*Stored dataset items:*
=====
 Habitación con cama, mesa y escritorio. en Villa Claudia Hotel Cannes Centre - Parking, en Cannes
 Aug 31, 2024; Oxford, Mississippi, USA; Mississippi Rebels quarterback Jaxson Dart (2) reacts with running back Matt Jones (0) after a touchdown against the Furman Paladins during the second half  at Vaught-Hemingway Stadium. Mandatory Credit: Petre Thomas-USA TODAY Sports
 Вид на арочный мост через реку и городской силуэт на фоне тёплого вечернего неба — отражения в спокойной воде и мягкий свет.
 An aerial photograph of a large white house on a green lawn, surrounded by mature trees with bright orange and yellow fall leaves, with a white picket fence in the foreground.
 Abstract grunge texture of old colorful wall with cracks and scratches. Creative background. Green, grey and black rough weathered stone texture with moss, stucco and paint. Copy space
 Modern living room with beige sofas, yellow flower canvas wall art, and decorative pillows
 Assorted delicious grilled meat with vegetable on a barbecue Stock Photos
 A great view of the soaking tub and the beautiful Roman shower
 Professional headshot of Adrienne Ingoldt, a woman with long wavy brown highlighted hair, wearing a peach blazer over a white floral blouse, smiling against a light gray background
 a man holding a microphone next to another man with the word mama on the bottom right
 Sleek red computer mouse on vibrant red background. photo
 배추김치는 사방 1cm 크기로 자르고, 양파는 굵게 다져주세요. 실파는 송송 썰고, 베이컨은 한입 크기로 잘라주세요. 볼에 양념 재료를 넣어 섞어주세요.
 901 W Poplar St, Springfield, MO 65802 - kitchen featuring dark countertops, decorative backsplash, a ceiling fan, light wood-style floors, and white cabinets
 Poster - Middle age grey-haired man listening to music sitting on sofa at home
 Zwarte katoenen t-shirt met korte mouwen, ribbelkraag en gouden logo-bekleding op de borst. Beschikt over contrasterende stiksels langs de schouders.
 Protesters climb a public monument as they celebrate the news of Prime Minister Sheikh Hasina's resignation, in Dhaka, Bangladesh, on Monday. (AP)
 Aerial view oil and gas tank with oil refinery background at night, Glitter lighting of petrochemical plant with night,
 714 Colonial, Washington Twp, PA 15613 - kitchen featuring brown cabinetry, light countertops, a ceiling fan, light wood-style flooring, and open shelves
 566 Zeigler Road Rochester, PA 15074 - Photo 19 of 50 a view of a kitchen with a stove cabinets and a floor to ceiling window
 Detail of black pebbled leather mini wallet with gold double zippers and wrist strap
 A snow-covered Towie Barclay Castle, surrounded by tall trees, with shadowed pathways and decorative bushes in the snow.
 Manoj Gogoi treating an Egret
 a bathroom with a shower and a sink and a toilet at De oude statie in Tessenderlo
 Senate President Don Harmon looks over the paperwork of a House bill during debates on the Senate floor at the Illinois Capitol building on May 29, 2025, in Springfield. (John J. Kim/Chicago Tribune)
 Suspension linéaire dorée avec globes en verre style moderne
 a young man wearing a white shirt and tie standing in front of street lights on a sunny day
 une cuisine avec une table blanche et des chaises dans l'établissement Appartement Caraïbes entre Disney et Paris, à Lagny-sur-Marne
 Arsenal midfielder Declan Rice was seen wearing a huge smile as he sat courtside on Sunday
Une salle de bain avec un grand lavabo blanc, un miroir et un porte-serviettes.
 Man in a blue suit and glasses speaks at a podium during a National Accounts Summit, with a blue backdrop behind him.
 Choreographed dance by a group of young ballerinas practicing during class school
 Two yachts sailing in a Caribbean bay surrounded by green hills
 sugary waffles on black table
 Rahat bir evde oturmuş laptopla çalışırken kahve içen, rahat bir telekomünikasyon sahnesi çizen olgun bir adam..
=====
*Work order:*
When the entries above are retyped, each line must stay exactly as it is.

*Answer to the exercise:*
 Habitación con cama, mesa y escritorio. en Villa Claudia Hotel Cannes Centre - Parking, en Cannes
 Aug 31, 2024; Oxford, Mississippi, USA; Mississippi Rebels quarterback Jaxson Dart (2) reacts with running back Matt Jones (0) after a touchdown against the Furman Paladins during the second half  at Vaught-Hemingway Stadium. Mandatory Credit: Petre Thomas-USA TODAY Sports
 Вид на арочный мост через реку и городской силуэт на фоне тёплого вечернего неба — отражения в спокойной воде и мягкий свет.
 An aerial photograph of a large white house on a green lawn, surrounded by mature trees with bright orange and yellow fall leaves, with a white picket fence in the foreground.
 Abstract grunge texture of old colorful wall with cracks and scratches. Creative background. Green, grey and black rough weathered stone texture with moss, stucco and paint. Copy space
 Modern living room with beige sofas, yellow flower canvas wall art, and decorative pillows
 Assorted delicious grilled meat with vegetable on a barbecue Stock Photos
 A great view of the soaking tub and the beautiful Roman shower
 Professional headshot of Adrienne Ingoldt, a woman with long wavy brown highlighted hair, wearing a peach blazer over a white floral blouse, smiling against a light gray background
 a man holding a microphone next to another man with the word mama on the bottom right
 Sleek red computer mouse on vibrant red background. photo
 배추김치는 사방 1cm 크기로 자르고, 양파는 굵게 다져주세요. 실파는 송송 썰고, 베이컨은 한입 크기로 잘라주세요. 볼에 양념 재료를 넣어 섞어주세요.
 901 W Poplar St, Springfield, MO 65802 - kitchen featuring dark countertops, decorative backsplash, a ceiling fan, light wood-style floors, and white cabinets
 Poster - Middle age grey-haired man listening to music sitting on sofa at home
 Zwarte katoenen t-shirt met korte mouwen, ribbelkraag en gouden logo-bekleding op de borst. Beschikt over contrasterende stiksels langs de schouders.
 Protesters climb a public monument as they celebrate the news of Prime Minister Sheikh Hasina's resignation, in Dhaka, Bangladesh, on Monday. (AP)
 Aerial view oil and gas tank with oil refinery background at night, Glitter lighting of petrochemical plant with night,
 714 Colonial, Washington Twp, PA 15613 - kitchen featuring brown cabinetry, light countertops, a ceiling fan, light wood-style flooring, and open shelves
 566 Zeigler Road Rochester, PA 15074 - Photo 19 of 50 a view of a kitchen with a stove cabinets and a floor to ceiling window
 Detail of black pebbled leather mini wallet with gold double zippers and wrist strap
 A snow-covered Towie Barclay Castle, surrounded by tall trees, with shadowed pathways and decorative bushes in the snow.
 Manoj Gogoi treating an Egret
 a bathroom with a shower and a sink and a toilet at De oude statie in Tessenderlo
 Senate President Don Harmon looks over the paperwork of a House bill during debates on the Senate floor at the Illinois Capitol building on May 29, 2025, in Springfield. (John J. Kim/Chicago Tribune)
 Suspension linéaire dorée avec globes en verre style moderne
 a young man wearing a white shirt and tie standing in front of street lights on a sunny day
 une cuisine avec une table blanche et des chaises dans l'établissement Appartement Caraïbes entre Disney et Paris, à Lagny-sur-Marne
 Arsenal midfielder Declan Rice was seen wearing a huge smile as he sat courtside on Sunday
Une salle de bain avec un grand lavabo blanc, un miroir et un porte-serviettes.
 Man in a blue suit and glasses speaks at a podium during a National Accounts Summit, with a blue backdrop behind him.
 Choreographed dance by a group of young ballerinas practicing during class school
 Two yachts sailing in a Caribbean bay surrounded by green hills
 sugary waffles on black table
 Rahat bir evde oturmuş laptopla çalışırken kahve içen, rahat bir telekomünikasyon sahnesi çizen olgun bir adam..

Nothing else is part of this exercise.